Związkowcy podpalili przed siedzibą JSW opony, spalili też kukły symbolizujące prezesa i jego zastępcę ds. pracy, domagając się jego odwołania. Wewnątrz gmachu prowizorycznie zabili deskami wejścia do biur. Deski pobrudzili smarem.

Zarząd firmy, najbardziej wśród spółek węglowych dotkniętej skutkami kryzysu na rynku stali i koksu, przekonuje, że jego działania służą osiągnięciu takiej elastyczności działania firmy, by bez zwolnień pracowników mogła przetrwać trudny okres. Narusza to jednak - jak mówi prezes spółki, Jarosław Zagórowski - interesy grupy związkowych liderów.

Od początku roku w JSW trwa spór płacowy.
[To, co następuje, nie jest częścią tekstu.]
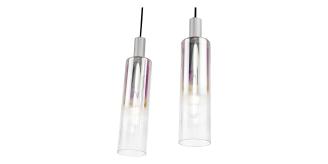 82 x Ruben 6 Light Bar Pendant Satin Silver and Iridised Glass						 						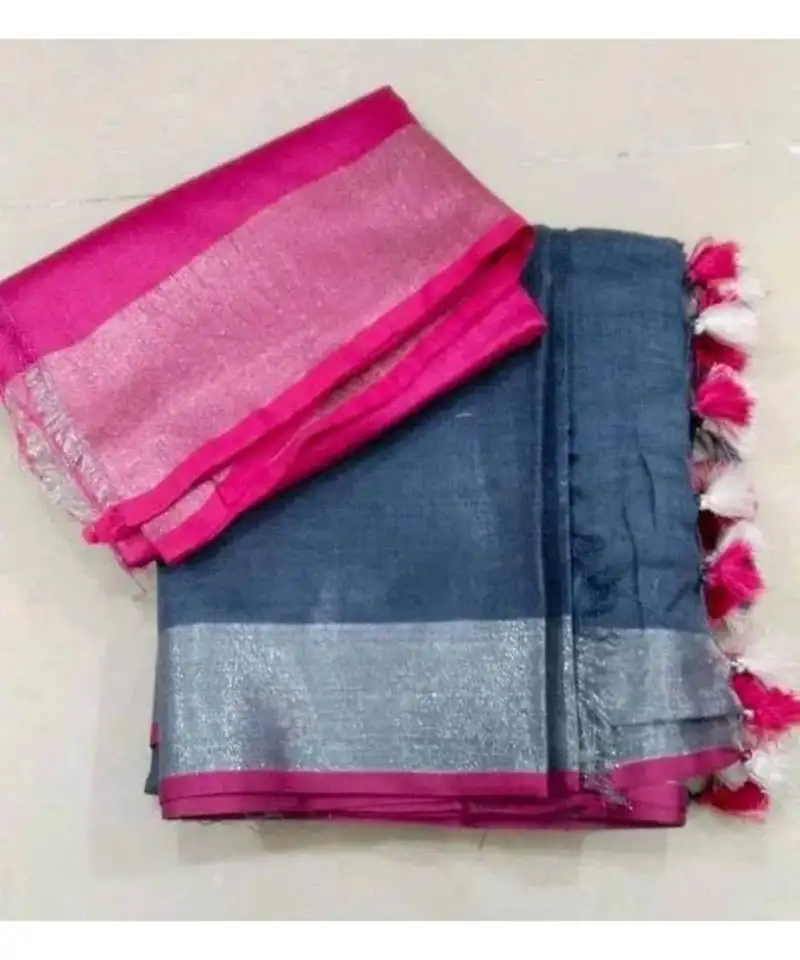 Dark grey woven linen saree with blouse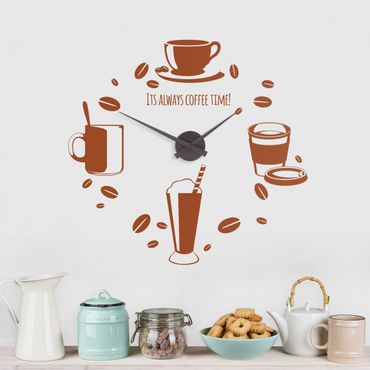 Adesivo murale orologio - La sua sempre Coffee Time
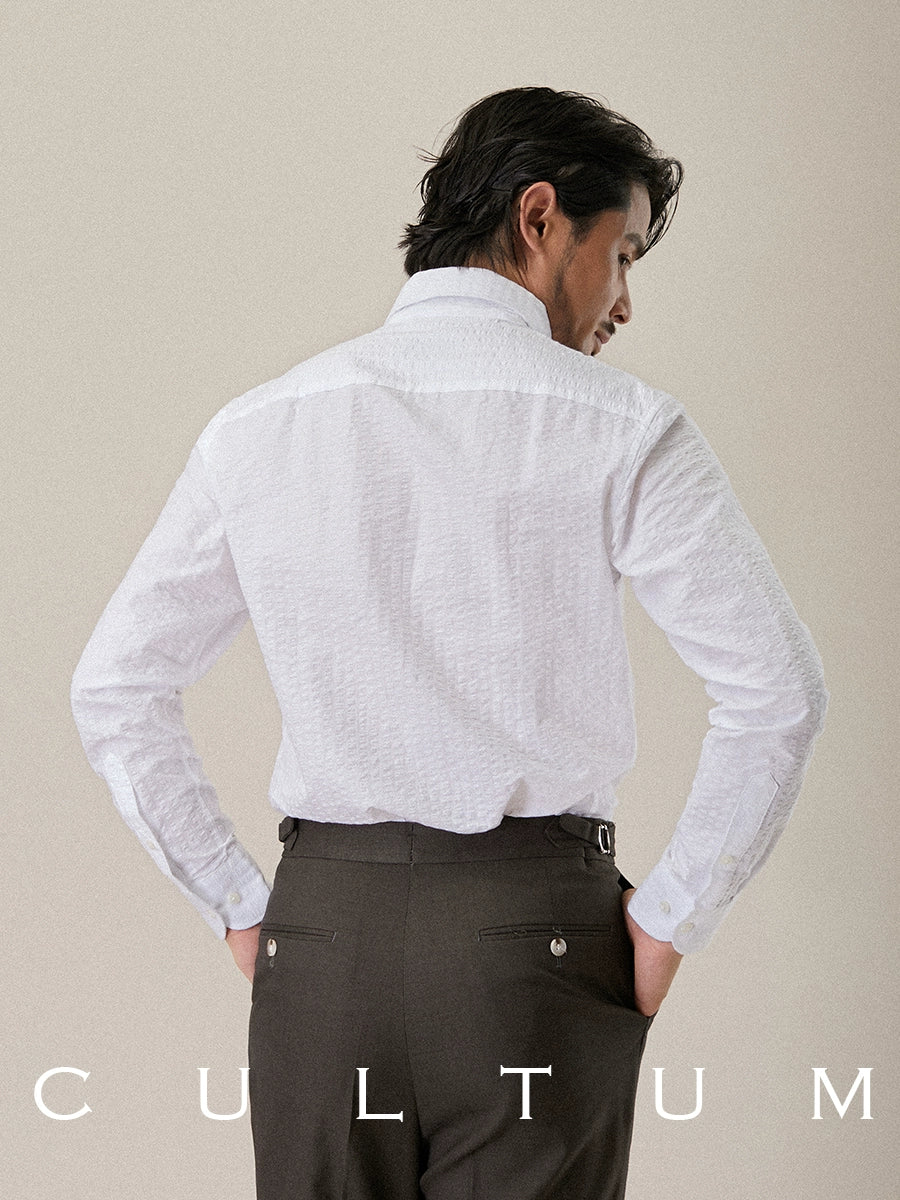 CULTUM Lightweight Breathable Seersucker One Piece Collar Button Collar Shirt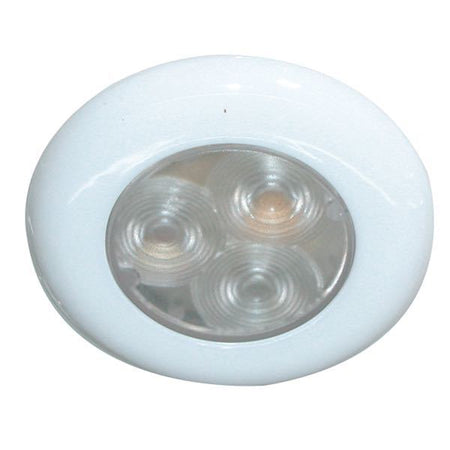 SeaTec 12V LED lampe i hvidt lys, vist fra oven med Ø 50 mm hulmål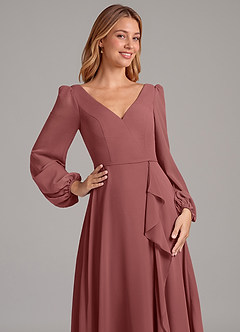 Azazie Simone Abiti da Damigella Abito A-Line in Chiffon Manica Lunga Ametista image7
Związki nie godzą się na całkowite zamrożenie płac, co jest jednym z elementów planu kryzysowego. Konflikt w spółce zaostrzył się, gdy zarząd ogłosił, że od maja pracodawcą górników będzie bezpośrednio JSW, a nie - jak dotąd - poszczególne tworzące ją kopalnie. Z tym wiąże się docelowo wypowiedzenie starych układów zbiorowych, by w ciągu roku wynegocjować jeden nowy układ.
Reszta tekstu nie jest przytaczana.